Postby Supplanter » Mon Aug 06, 2012 9:35 am

Nerd King wrote:In a similar vein when I explained this intepretaion of the Doom Pool to my players they then asked if they could act directly against the Doom Pool to reduce it - targetting that rather than the Villains or their Complications, Assets etc. eg. escorting civilans away, baracading falling buildings, encouraging the morale of the fleeing masses.

For now I haven't really come up with a suitable mechanic to handle it, and even decided whether I should even allow it! So has anyone included this or something similar?


It's really simple. Player-hero describes what they're doing, builds an appropriate dice pool and rolls it. Watcher rolls the doom pool in opposition, possibly adding a relevant scene distinction, plus one complication and one stress die if applicable. If the player wins, her effect die knocks a die that size out of the DP.

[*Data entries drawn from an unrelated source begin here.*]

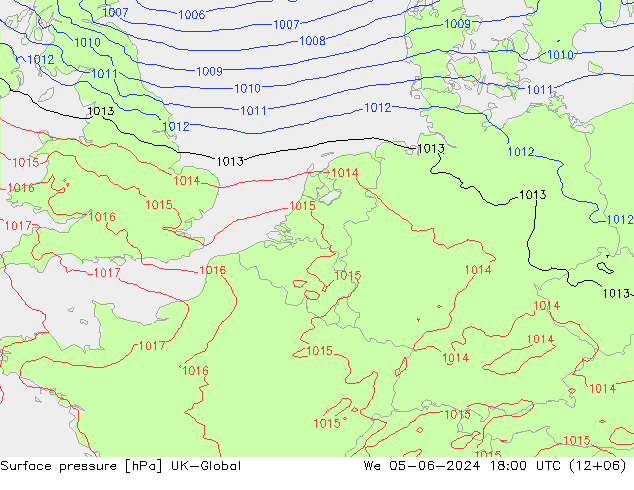 Surface pressure UK-Global We 05.06.2024 18 UTC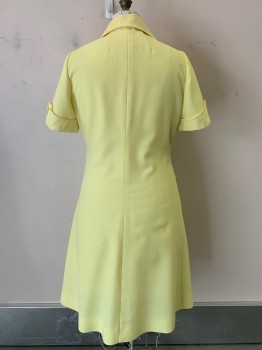 NO LABEL, Yellow, Polyester, Solid, S/S, C.A., Button Front, Folded Sleeves with Buttons,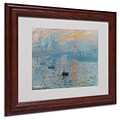 Trademark Claude Monet Impression Sunrise Art, White Matte With Wood Frame, 11 x 14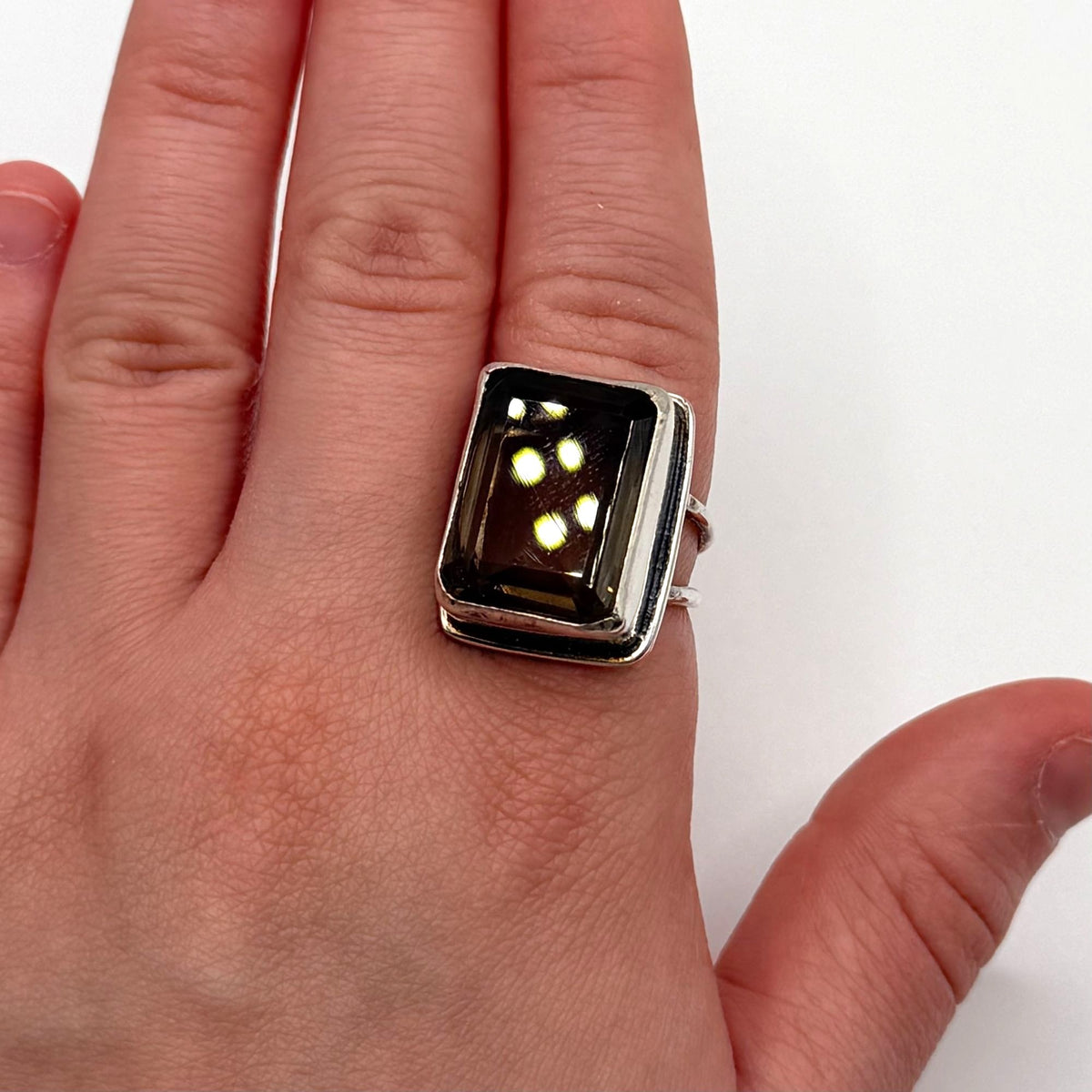 Sterling Silver Rectangular Smoky Quartz Handmade Ring Size 7.5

We've done this in game, as described above. I could've sworn the OM explicitly discusses taking an action against the doom pool as one of a player-hero's options.

One wrinkle, from the player's perspective, is that she risks rolling opportunities, which means she could potentially be no better off after a "victory" than she was beforehand. For this reason, it's probably a good player tactic to buy extra effect dice with plot points, assuming the odds make that a good play. Of course, the more opportunities you roll, the fewer useful effect dice you can buy.

ETA: Mechanically, it's the same kind of roll you'd make to create an asset. It's just that instead of creating an asset, you "stress" the doom pool.